There are 4 hard questions you need to ask before you decide to downsize. What is the business problem you’re trying to solve? Have all alternative avenues been explored? Do the long terms benefits outweigh the short term gains? What will the impact on earnings be in the long term?

Smart downsizing comes with a set of smart tools. As a business owner you could choose to look at Attrition – the simplest and most productive downsizing tool wherein you don’t refill the empty seats. Voluntary Termination – This is good for the work force, as they get to choose and get fair compensation for it, however it can lead to loss of high performers too. Early Retirement Incentive – this staggers the depletion in the work force hence mitigates any massive disruption for both employee and employer. Compulsory Termination – this can be deployed when an entire business unit is made redundant. However, in all these scenarios as a smart business leader you need to be strategic. You cannot risk across-the-board approach - The Economist describes this problem as “Snip, Snip, Oops!”

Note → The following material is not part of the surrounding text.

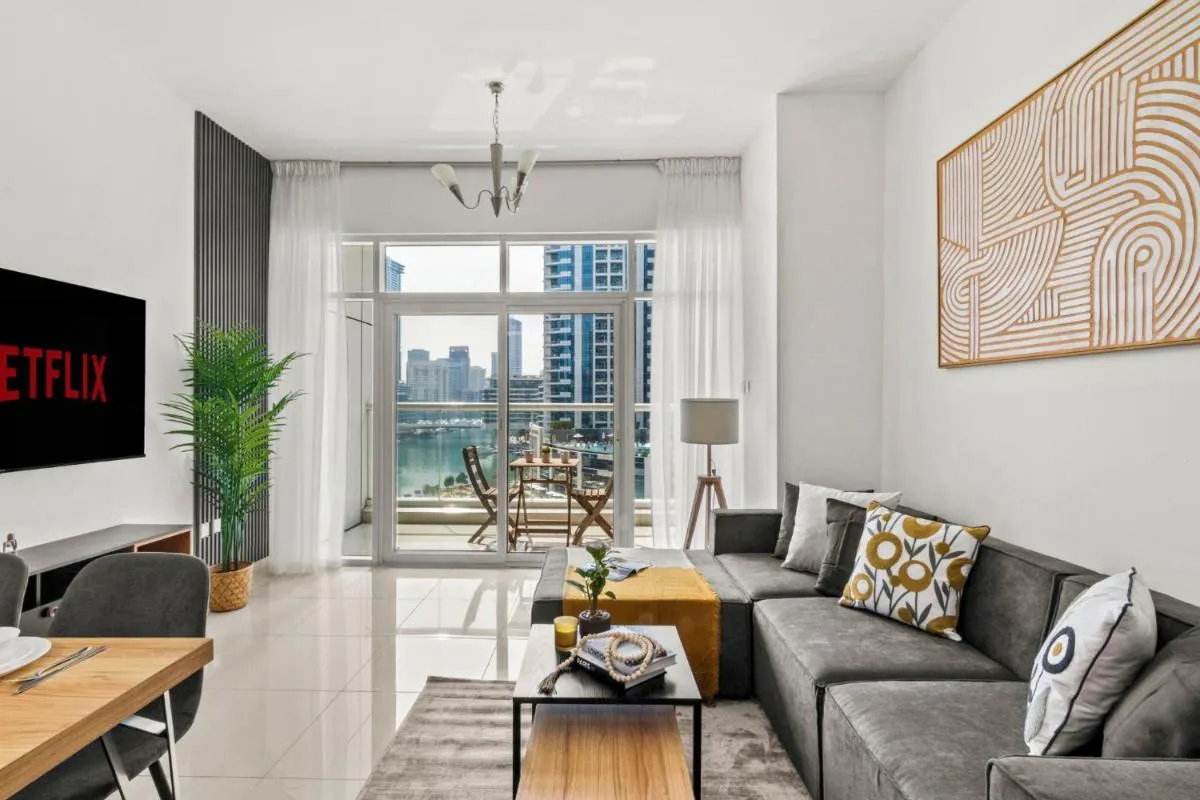 Image 4 of Lavish 2BR with Charming Marina View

Whichever tool you choose you need to be strategic in its application. Make productivity or performance the core mantra and then scan your organization for the most unproductive or low performing departments or functions. Within them the most unproductive employees and within them the ones with the least relevant skills. And whatever you do back it up with a very robust legal review. The savings of a downsizing should not be eaten away by litigation after all. And while deploying these always keep in mind the 5 fundamentals of being transparent, being fair, being sensitive, being graceful and hand holding employees through this traumatic process.